Start of Data

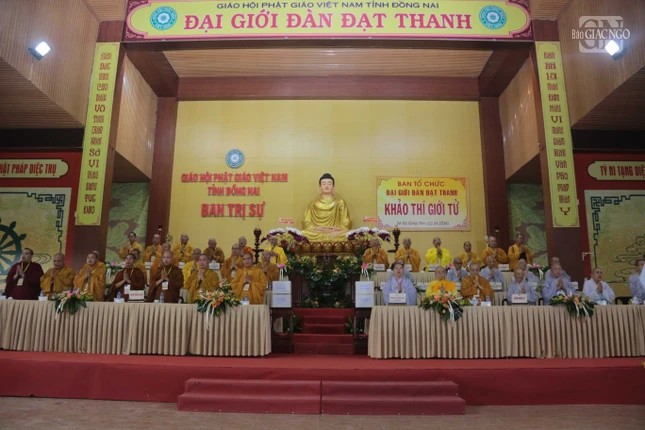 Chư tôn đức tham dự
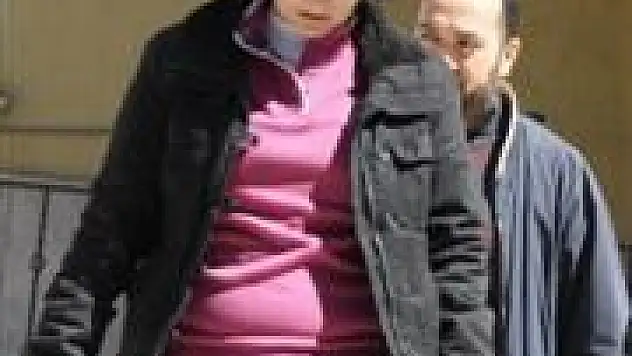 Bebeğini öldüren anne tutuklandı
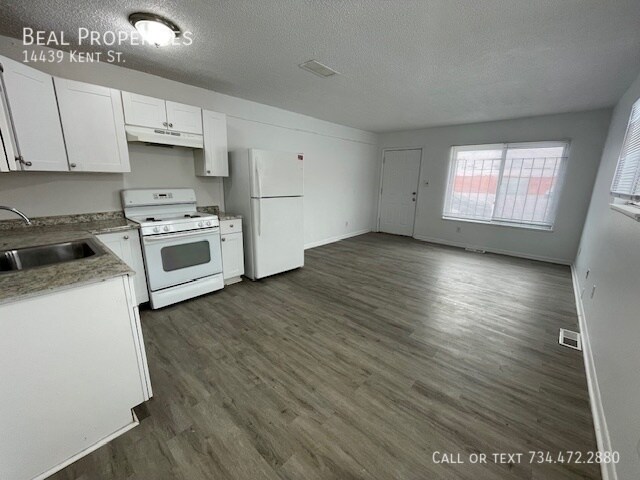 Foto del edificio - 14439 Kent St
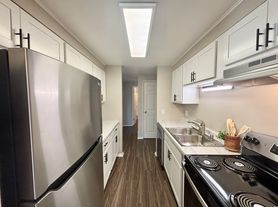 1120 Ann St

End of Data
Start of Data

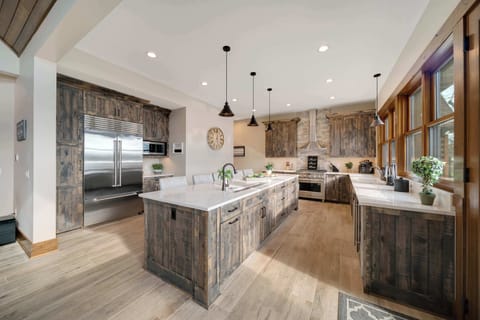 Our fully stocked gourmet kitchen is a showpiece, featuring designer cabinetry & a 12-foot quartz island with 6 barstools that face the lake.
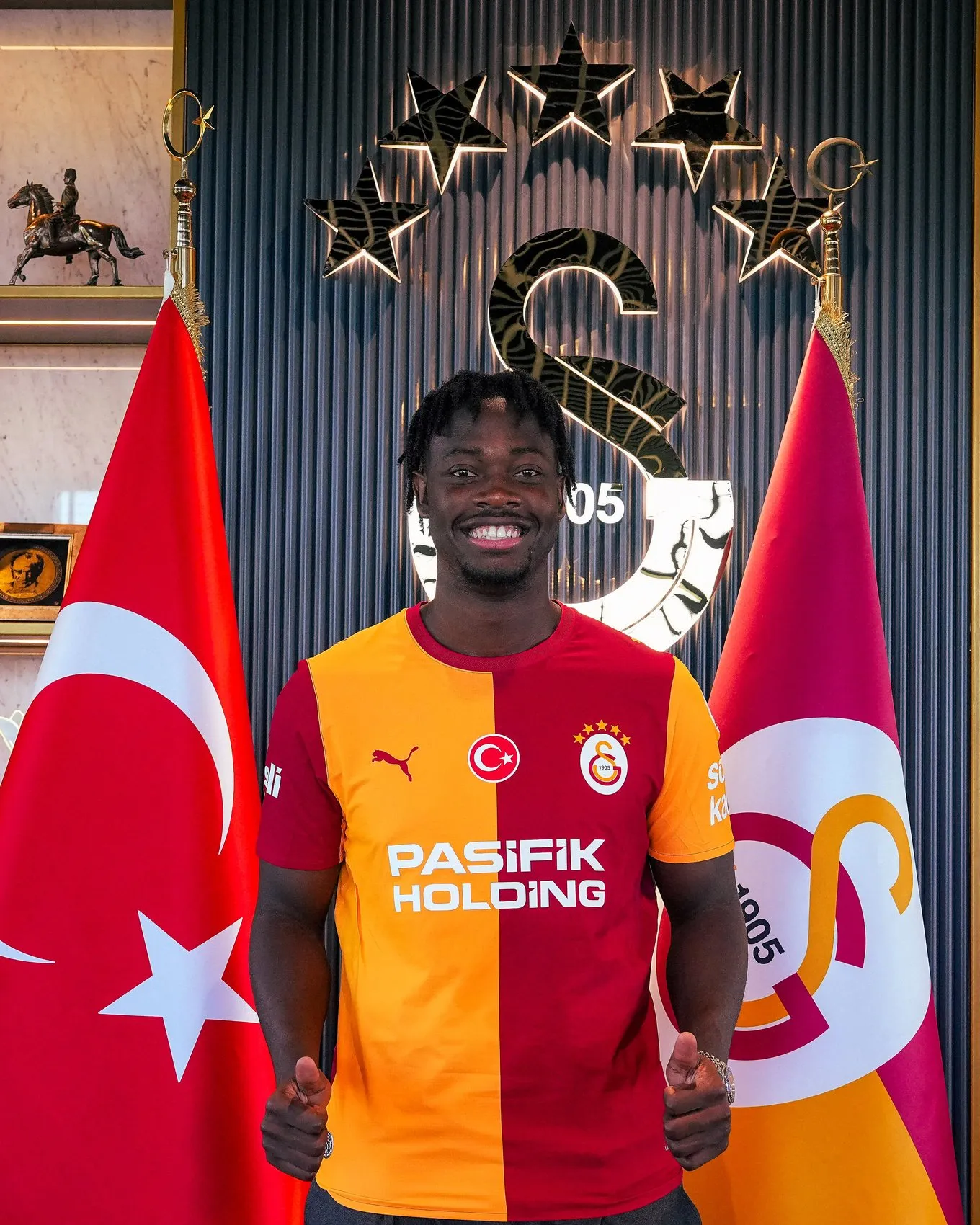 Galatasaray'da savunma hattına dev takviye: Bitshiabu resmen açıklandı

End of Data
Start of Data

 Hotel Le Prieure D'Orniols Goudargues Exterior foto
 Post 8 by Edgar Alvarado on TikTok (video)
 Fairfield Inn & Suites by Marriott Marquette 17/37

End of Data

◆ Assigned task ◆
Once the line with "Bebeğini öldüren anne tutuklandı" is found above, transcribe each line from it through the line with "1120 Ann St", exactly, and omit the pictures.

◆ Finished task ◆
 Bebeğini öldüren anne tutuklandı
 Foto del edificio - 14439 Kent St
 1120 Ann St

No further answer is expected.